The powerful preference for just these three timing patterns was verified (Cummins and Port, 1998) in experiments where subjects were asked to repeat phrases similar in structure to the one above, while placing the final stressed syllable onset at randomly selected temporal locations within the cycle from 20% to 70% of the way through the cycle. The target phase angle was indicated by using a computer generated tone at randomly chosen locations. The cycle period was adjusted so as not to strain speaking rate. The subjects were asked to put the first word on the higher-pitched metronome pulse and the final word (all monosyllabic) on the low-pitched metronome pulse (which was randomly located from trial to trial). On each trial they cycled the same pattern 8 times in a row on a single exhale (since we found that attempts at breathing interfere with the timing).

 

 

Figure 1. Speech cycling results from Cummins & Port (1998). A corpus of 30 phrases with identical prosodic structure was used. Each phrase was in the form of “X for a Y” with stop-initial monosyllabic words, like beg for a dime. Subjects repeated the phrases 8 times per trial to a metronome with alternating high and low (H and L) tones. The H marked the beginning of the cycle and the phrase (e.g., beg) and the L marked the target location for the final word (e.g., dime).  There were 14 trials for each subject. The interval from the H to L was fixed at 700ms and the interval from L to H was varied from trial to trial such that the H-L interval varied randomly over the range 0.2 to 0.7 of the H-H interval without requiring any change in speaking rate for the test phrase.  Subjects were instructed to line up the first and last words with the low tones. If there were no rhythmic constraints on speech production, subjects should have produced the onset of the final stress near the target phase angle (except for the effects of noise) and the distribution should appear just as flat as the distribution of target times. Instead, the histograms are strongly trimodal, with modes near 0.33, 0.5, and 0.66, except that subject KA showed only two modes at 0.3, and 0.5. (Used with permission.)

 

This is the basic ``harmonic timing’’ result.  Subjects have an extremely strong preference to locate prominent syllable onsets near harmonic fractions of a repetition cycle.  The three modes here illustrate the three patterns of phrase demonstrated above. The effect can be found, not only in experimentally produced speech tasks, but also when crowds chant (e.g., ``We want Willie; We want Willie, …’’ or in the American children’s singsong chant ``nyaa nyaa nya-nyaa nyaa’’) or when a piece of familiar text is repeated by a group (e.g., the Pledge of Allegiance, `responsive reading’ or group prayer in a religious service) and is found occasionally in spontaneous speech, especially by professional speakers like preachers and news broadcasters (especially in paragraph punch lines or in signoffs).

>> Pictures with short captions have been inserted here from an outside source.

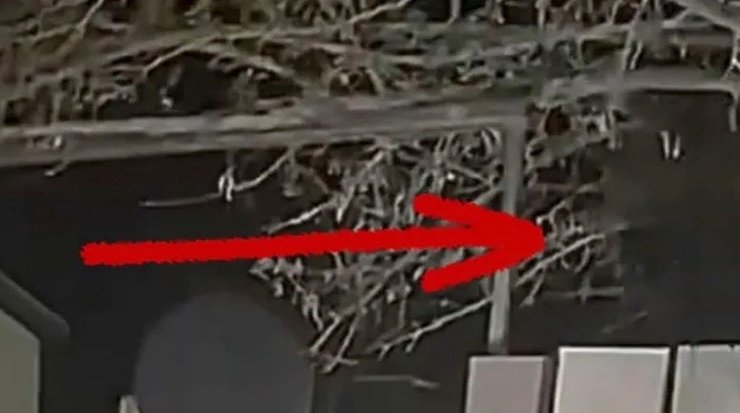 Подросток утверждает, что видел НЛО в саду, пришельцы, инопланетяне, другой цвет кожи, воспоминания о пришельцах, вызвали полицию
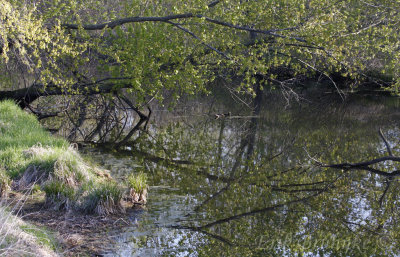 Tree reflections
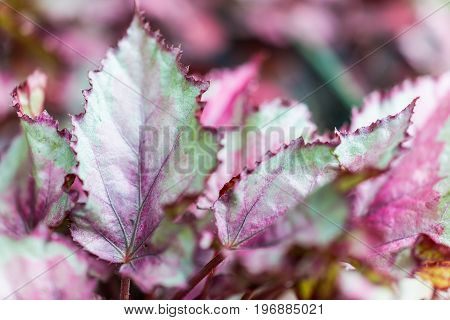 Macro Closeup Of Green And Purple Rex Begonia Leaves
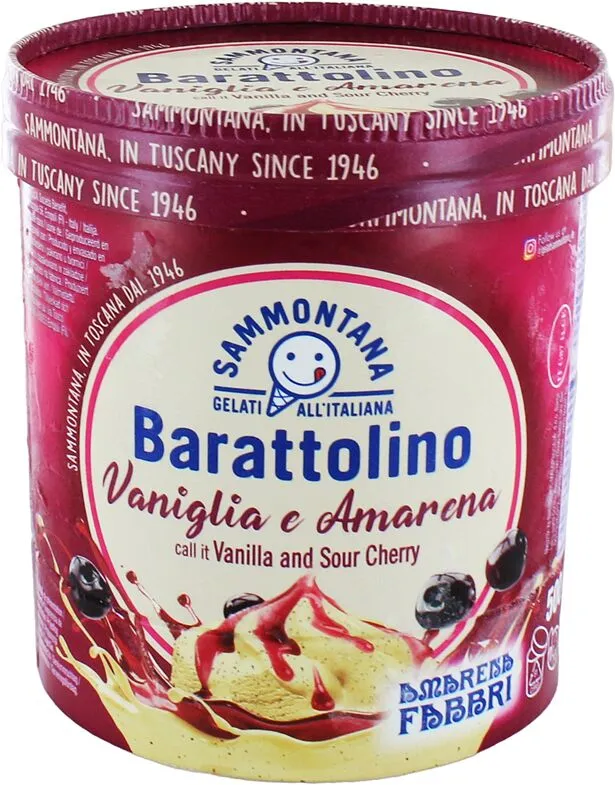 Vanilla ice cream "Sammontana Barattolino" 500g
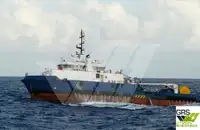 Barche da lavoro in vendita
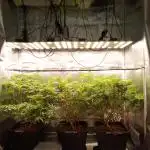 3x 21l Erde auf 120x60x180cm + Temu LED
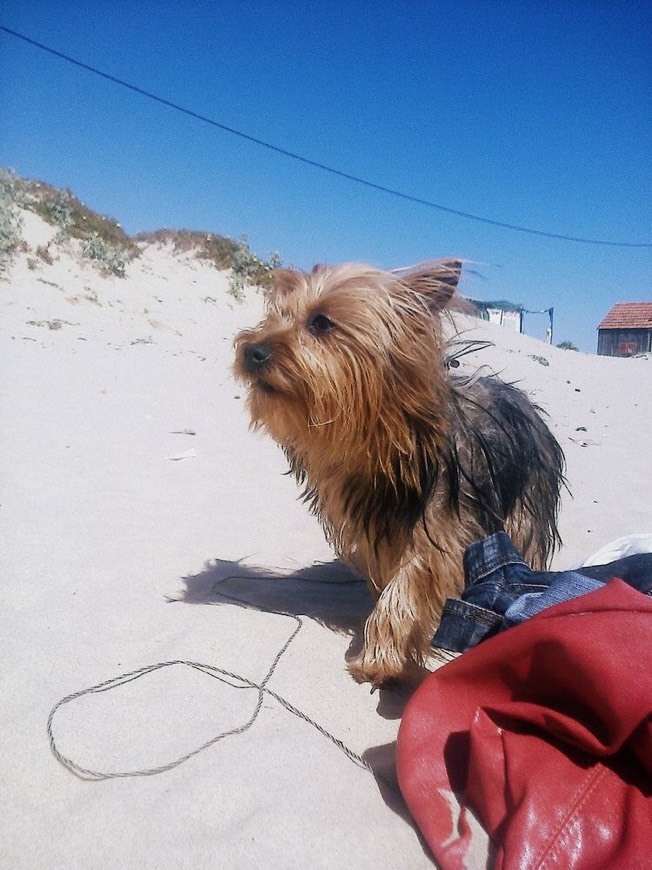 Fashion Yorkshire Terrier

 For our purposes here, the thing to notice is that harmonic timing is probably a particular instance of self-entrainment where one cognitive oscillator cycles at the phrase repetition rate and a second oscillator, coupled tightly with the first, cycles at either 2 or 3 times the phrase repetition rate.  These two oscillators must be coupled since they go through phase 0 at the same time for every cycle of the slow one and every second (or third) cycle of the faster one.  Presumably, phase 0 of both oscillators attracts syllable onsets, especially stressed syllable onsets (at least in English). Indeed if a syllable is not stressed but occurs at a harmonic fraction, it tends to acquire a stress. For example, compare 2-beat and 3-beat repetitions of  `Take those cards.  In the 3-beat reading, the word those tends to be much more strongly accented than in the 2-beat reading.  Even the intonation of the phrase is influenced by the meter selected.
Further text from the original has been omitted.